Souvent les « ficwriteuses »ont recours à un « bêta-lecteur », une personne qui procède à une ou plusieurs lectures avant la mise en ligne. Elle corrige l’orthographe et la grammaire, donne son avis sur le style, invite à enrichir le vocabulaire ou inversement à le simplifier, ou à étoffer un passage trop rapide, ou encore à discuter des choix narratifs. Le comportement des personnages est-il cohérent avec l’œuvre de référence ? Dans quelle mesure la fan auteure peut-elle s’éloigner du canon sans le dénaturer ? Faut-il risquer le « OOC » ?
Même si ce type de relecture n’est pas obligatoire, elle est bien vue de la communauté. A fortiori quand la « bêta » est une « ficwriteuse »renommée, auquel cas, la relecture vaut parrainage voire adoubement. Parfois, c’est la fan auteure qui sollicite la « bêta » à cause de sa réputation ou parce qu’elle a proposé ses services sur le site. Plus rarement, c’est la « bêta » qui contacte la « fanfiqueuse » après avoir lu ses textes.

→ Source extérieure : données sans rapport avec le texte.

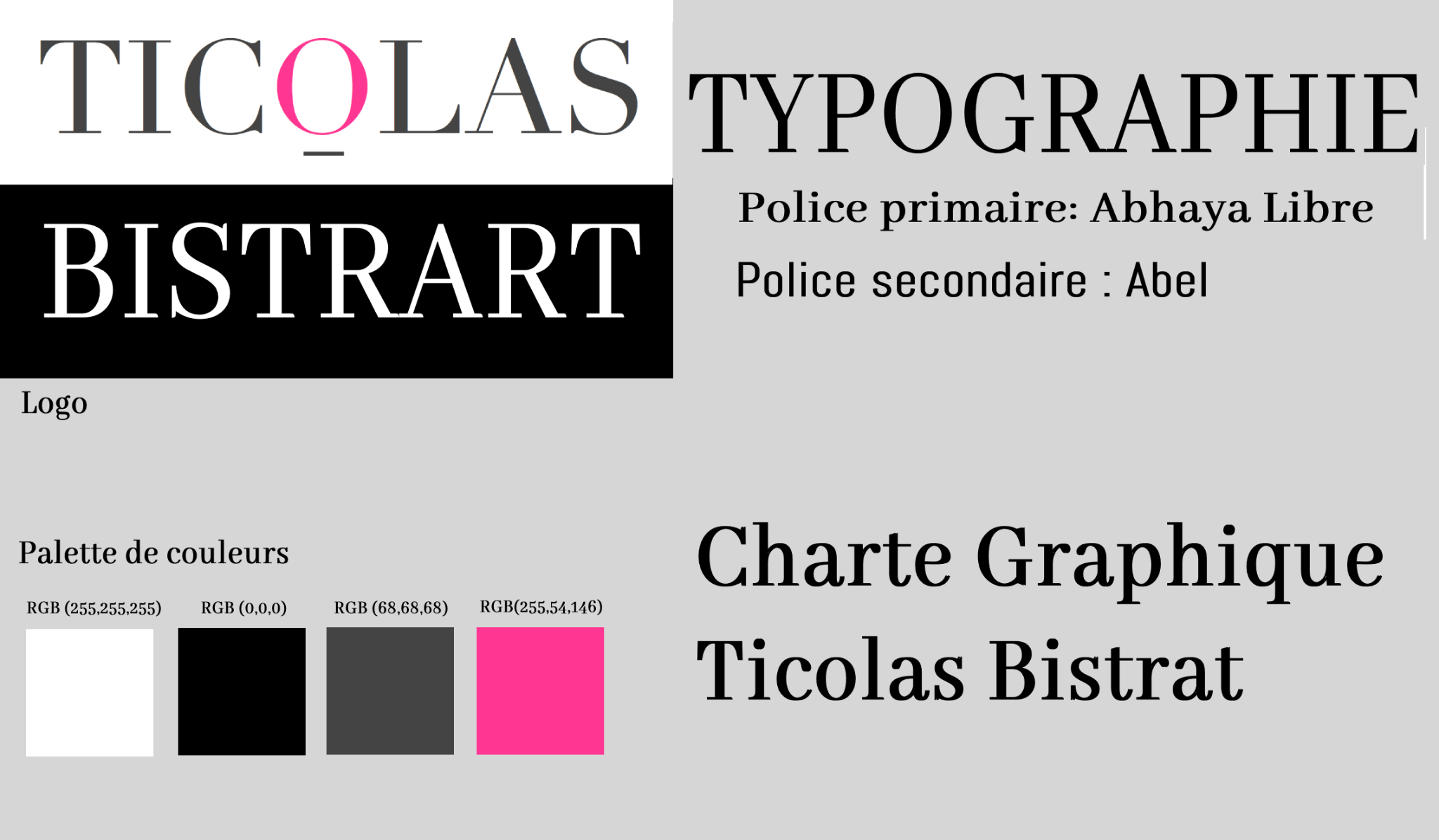 Charte Graphique Ticolas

La fanfiction comme co-création ne s’arrête pas là. Certaines sont rédigées suite à des « défis » : une fan lance une idée de trame, une ou plusieurs autres répondent, chacune selon son inspiration. D’autres résultent d’une écriture à plusieurs mains, comme la « RRS » qui consiste à écrire et à mettre en ligne un chapitre à tour de rôle chacune callant son récit sur ce que la fan précédente a écrit. Ou encore la fanfiction en ligne qui fonctionne également selon le principe de la publication d’un chapitre chacune son tour, sauf qu’elle s’écrit
via un outil de discussion instantanée, en temps réel. D’autres encore importent des créations d’autres membres dans leurs écrits en mêlant différents langages fans (
fanarts ou
AMV).
De reprise en reprise, se crée un tout narratif qui dépasse l’œuvre de base
Dernière dimension de l’écriture collective qu’est la fanfiction : certains textes proposent des éléments tellement cohérents avec le canon qu’ils sont abondamment repris
sans qu’on se souvienne qu’ils appartiennent au « fanon » (des faits produits par l’imagination de fans). De reprise en reprise, se crée un tout narratif qui dépasse l’œuvre de base.